A、ひとつひとつの職場を見てみると「非正規」「正規」が分断されている実情があると思います。ひとつのいい実例をあげると、全労連系組合で、この組合では、ある会社で「派遣」を入れようとしたときがあって「派遣」を入れさせないようにしているんですが、派遣労働者がいたときに全員「正規従業員」にしたという組合なんですが、その派遣労働者で働いていた若者が、自分は束縛されるのがいやだから派遣のままでいいと、そのとき組合の関係者が言ったのは、君1人のために全従業員の労働条件が下がる。そういうことなら会社辞めてもらっても構わない、と。
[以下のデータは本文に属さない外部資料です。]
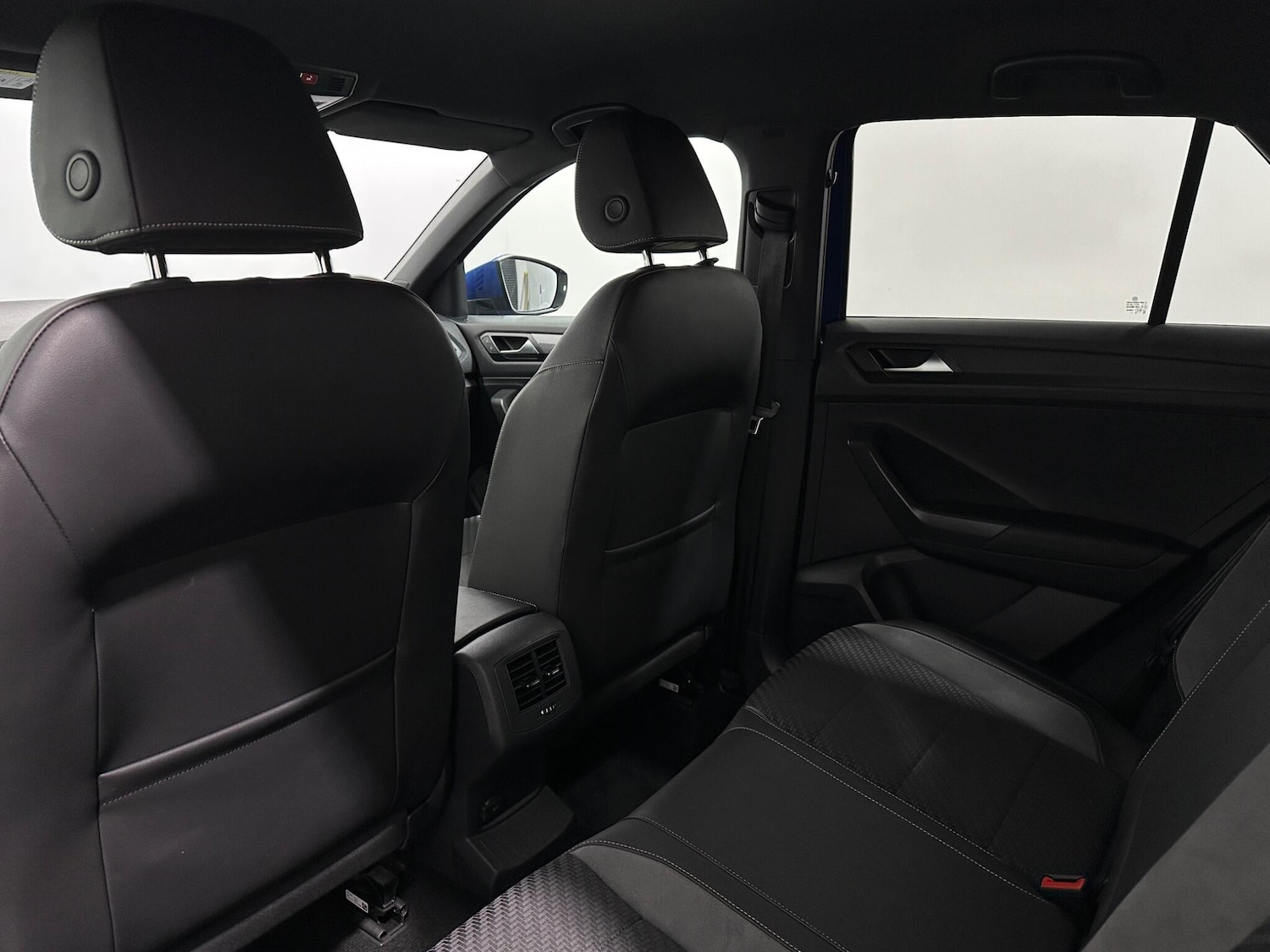 Used Volkswagen T-Roc for sale - 78085740: Photo 38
多分これが本来の組合のあるべき姿だと思うんです。派遣労働者を一人でも入れたら、同じ仕事をしているのに半分の給料で働いていたら、会社は使いがってのいいほうをさらに増やそうとする。一回悪いものを入れたら、だめになってしまうわけです。本来の労働運動というのは、制度があったとしても入れるべきじゃないということで闘うことが労働組合のあるべき姿で、そういう運動にもっていける、もって行くのはかなり難しいと思うが、きちんと問題意識を持った人が組合の責任者としてやっているところはちゃんとできるのかなと思います。労働弁護士ですが、オリンパスの弁護士、いまは弁護士ではないですが、何があったかというと、これも自分の話と似ているんですが、本人が承諾していないのに会社側に全面降伏するような形の文書を裁判所に出したという経過がある。自分が弁護士に支配されるんじゃなくて、自分が主体となって法律の勉強もして、弁護士に提案しないといけない。結局は自分の問題。ただ、相当しんどいなとは思います。地道にやるしかない。周辺住民とかの方に理解してもらうようなビラをまいていくそれで組合を強くしていく、周辺の人を巻き込むような運動ができないか自分でも模索しているところです。
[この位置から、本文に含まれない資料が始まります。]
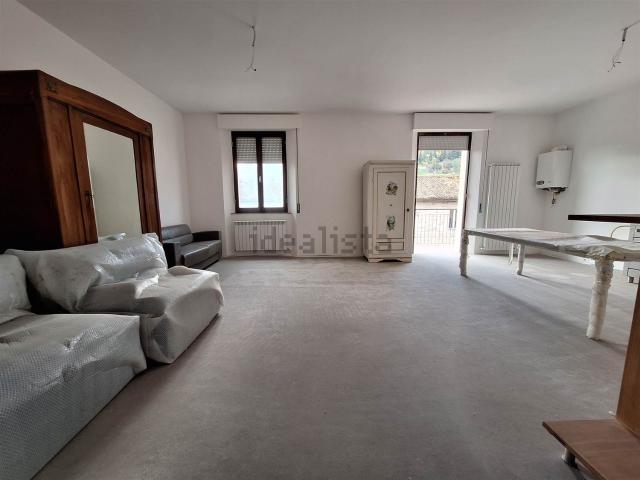 Appartamento in vendita a Castello al Monte, Marche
Q、吉岡さんの闘いを今後多くの人に伝えたいと思いますが、吉岡さんもそうでしたが、いまの労働組合がわからないという若い人にどのようにしてこれから伝えていったらいいのか、吉岡さんの考えを教えてほしい。
A,若者の将来、まともな働き口があるのかなと漠然とした不安はあると思います。労働組合とかの存在をどう知らせていくか、これは地道にやるしかないと思います。東京東部労組とかは地道にがんばっていると思います。知識も豊富にしていかないといけない。努力して勉強してそこから信用が生まれてくると思います。あとは、地道にやって、インターネット駆使して、宣伝をどう打つか、そういうことだと思います。